Esa mujer llegó al ayuntamiento con la impaciencia de contar su historia a cualquiera que pudiera escuchar. Cada día ve con ansia los informativos de las teles locales para comprobar si alguien dice algo que pueda solucionar su problema. Sería tan fácil y, al mismo tiempo, parece tan difícil.

Esa mujer lloraba de impotencia, no por ella, por sus hijos. Hace un año recibió una paliza en la puerta de su piso, porque riñó a un niño que se subió al capó de su coche. Nunca hubiera imaginado las consecuencias de sus palabras. Un grupo de personas se le echó encima, la agredieron y le arrancaron todas sus ropas. Temblaba al relatar el suceso. Ni siquiera pudo denunciar a los culpables por temor a las represalias.

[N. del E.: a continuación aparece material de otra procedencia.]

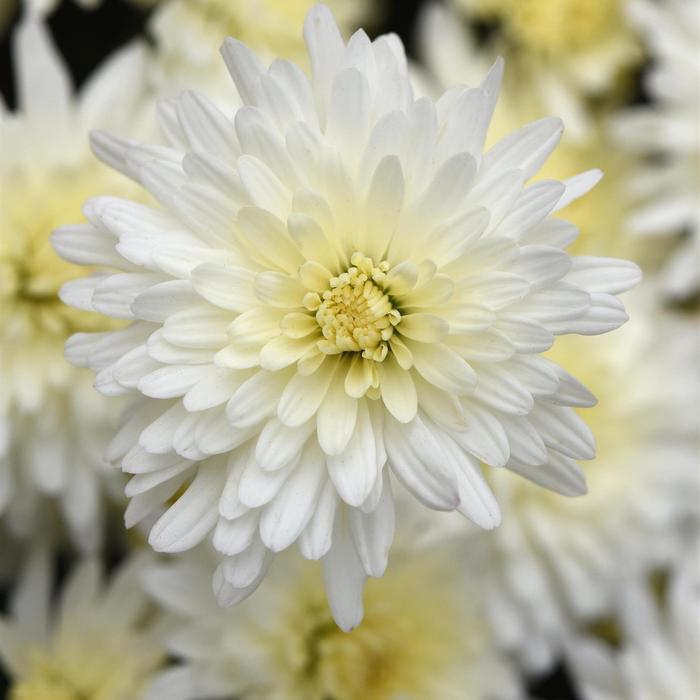 'Tribeca White' Garden Mum - Chrysanthemum x morifolium 'Tribeca White' Garden Mum - Chrysanthemum x morifolium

Esa mujer lloraba porque no sabe dónde acudir. Si se marcha de la vivienda social que, por caridad, las instituciones le dieron, perderá todos sus derechos. Si no se marcha, perderá la posibilidad de vivir en paz. Como ella, otras muchas familias que viven con miedo en Los Colorines.

Y ahí está la concejala de Urbanismo, Cristina Herrera, diciendo que la solución pasa por un programa de intervención social y que se deberían poner todas las administraciones de acuerdo. Vamos, lo de la concejala equivale a una solución urgente, que es lo que esta mujer pide, llorando.